Repository files navigation

segreg

segreg is a Python module for segmented regression.

Segmented regression models are defined as having breakpoints where the functional form changes. This project is currently limited in scope to the case of piecewise-linear and continuous univariate models with at most two breakpoints.

The segreg code fits segmented regression models to data using an exact algorithm due to Hudson. The primary implementation is based on cython. Alternative implementations (of the same algorithm) are also provided in pure python, with or without numba.

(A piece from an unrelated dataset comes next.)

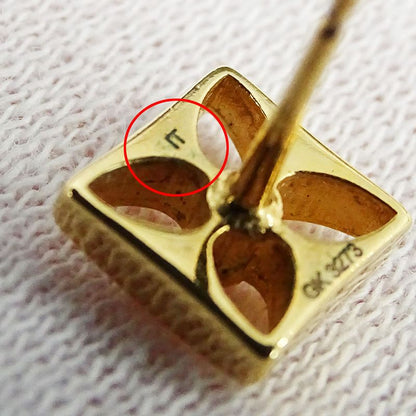 Louis Vuitton Earrings Women's Brand Monogram Earrings And Cles Izzy In Lock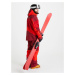 Lyžařská bunda peak performance m gravity gore-tex jacket červená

To accomodate bootstrap and other monte carlo routines, it helps for the model fitting to be fast and exact. By exact, we mean that the optimal parameter values minimizing the residual sum of squares function are found. This is in contrast to numerically approximate routines such as grid search or non-linear optimization.

Hudson's algorithm is exact, but can involve a fair amount of computation for two or more breakpoints. The implementation here strives to be fast.

Releases

This is a pre-release. Further small changes will be made before the code is considered available for general use.

Installation

pip install segreg

We strongly recommended using a virtual environment (venv), or a conda environment, to avoid possible conflicts with other packages or other issues.

License

segreg is licensed under a BSD-3-Clause License. See LICENSE.

Documentation

For a technical overview of Segmented Regression and algorithms used in segreg, see Technical Paper.

Code documentation and tutorials are available here: https://stevelill.github.io/segreg/

Development Setup

To build core modules, run this:

python setup.py build_ext --inplace

This builds C code which has already been generated using cython. As such, there is no direct cython dependency.